Friday, October 24, 2003

Anyone who calls himself D.B.C. (Dirty But Clean) Pierre can't be all bad!

Texas Monthly featured this author in the October meet the author event the magazine hosts in Austin. If Joyce Carol Oates thinks this is a good book, I imagine that it is a good book. The Booker Prize (whatever the Hell that is) jury thought it was a good book, too. If this be (fair & balanced) mimicry, make the most of it.

[x The New Yorker]
SHOWTIME
by JOYCE CAROL OATES
A Booker Prize winner reimagines America.

"It’s hot as hell in Martirio, but the papers on the porch are icy with the news.” So begins “Vernon God Little” (Canongate; $23), a frenetic yet unexpectedly moving first novel by the pseudonymous D. B. C. Pierre, this year’s dark-horse Booker Prize winner. Narrated in the highly idiomatic voice of Vernon Gregory Little, a fifteen-year-old Texas boy whose rotten luck it is to find himself a “skate-goat” in the aftermath of a Columbine-type massacre of sixteen high-school students committed by his best friend, “Vernon God Little” is raucous and brooding, coarse and lyric, corrosive and sentimental in about equal measure.

D. B. C. (the initials stand for “Dirty But Clean”) Pierre was born Peter Finlay, in 1961, in Australia, but was brought as an infant to live in the United States and then Mexico; he spent his teen-age years in Mexico City, and as an adult he has lived in London, Australia, and Ireland. One of Pierre’s ongoing preoccupations is drawing cartoons, an ideal background for the creator of the foulmouthed but subtle-minded Vernon, whose vision of the adult world that surrounds him is savagely satiric: “This is how I’m being grown up, this is my fucken struggle for learnings and glory. A gumbo of lies, cellulite, and fucken ‘Wuv.’”

Pierre has a flawless ear for adolescent-boy speech. To his young narrator, virtually every adjective is “fucken” and every vision of every adult is laced with repugnance, especially those adults in authority: “Deputy Gurie tears a strip of meat from a bone; it flaps through her lips like a shit taken backwards.” And, “A strip of buffalo leather scrapes into the room, tacked around the soul of Sheriff Porkornay.”

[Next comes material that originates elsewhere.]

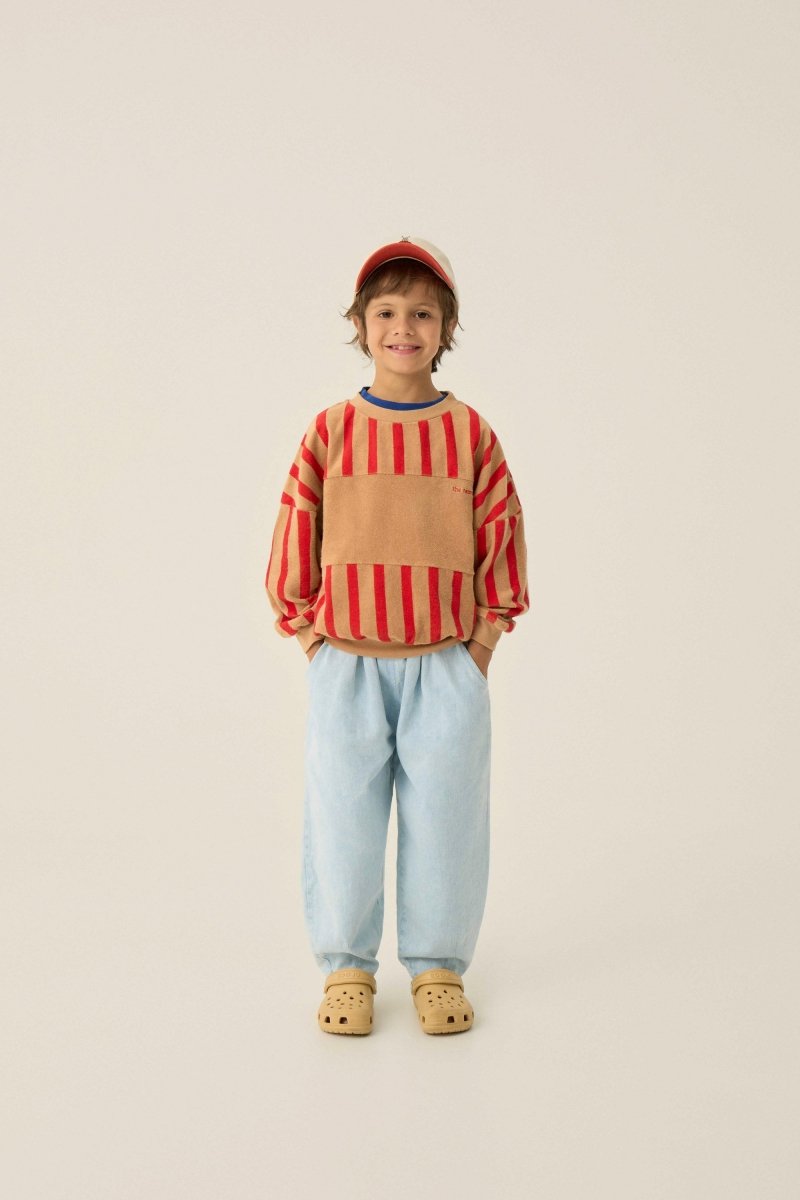 Sudadera rayas rojas frente pantalon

Though Vernon loves his overweight, comically self-pitying mother, he smolders at her emotional blackmail of him, which he shrewdly assesses as a mother’s way of infantilizing a maturing, potentially rebellious son: “It’s like she planted a knife in my back when I was born, and now every fucken noise she makes just gives it a turn.” Vernon’s fury at his mother inspires some of the novel’s funniest rants:

I’ll tell you a learning: knife-turners like my ole lady actually spend their waking hours connecting shit into a humongous web, just like spiders. It’s true. They take every word in the fucken universe, and index it back to your knife. In the end it doesn’t matter what words you say, you feel it on your blade. Like, “Wow, see that car?” “Well it’s the same blue as that jacket you threw up on at the Christmas show, remember?” What I learned is that parents succeed by managing the database of your dumbness and your slime, ready for combat. They’ll cut you down in a split fucken second, make no mistake; much quicker than you’d use the artillery you dream about.

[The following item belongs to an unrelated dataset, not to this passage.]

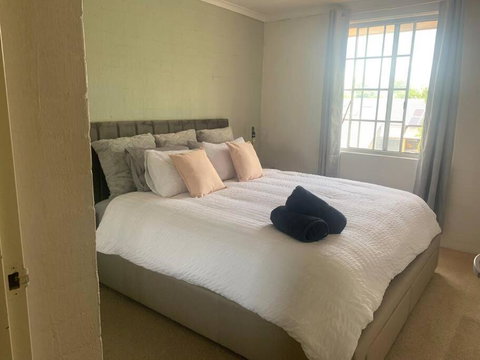Plush 2 Bedroom Apartment Kingston - Schoolies Week Accommodation 1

Vernon is a Holden Caulfield on amphetamines, with “lawless brown hair, the eyelashes of a camel. big ole puppy-dog features like God made me through a fucken magnifying glass. You know right away my movie’s the one where I puke on my legs.”

The action of “Vernon God Little” takes place after the high-school massacre. Pierre wisely makes little attempt to evoke the actual shootings and the suicide of the perpetrator. We see the broody “Meskin” (i.e., Mexican) Jesus Navarro only fleetingly, through Vernon’s sympathetic eyes: “He’s still clumsy as hell though, and his mind’s clumsy too; the certainty of our kid logic got washed away, leaving pebbles of anger and doubt that crack together with each new wave of emotion. . . . He keeps secrets from me, like he never did before. He got weird.” Among the secrets that Jesus, a boy beset by “philosophical headfucks,” keeps from Vernon is one regarding his sexual exploitation by two adult men (“Nuckles,” “Goosens”) involved in a homosexual pornography Web site, which precipitates the disaster.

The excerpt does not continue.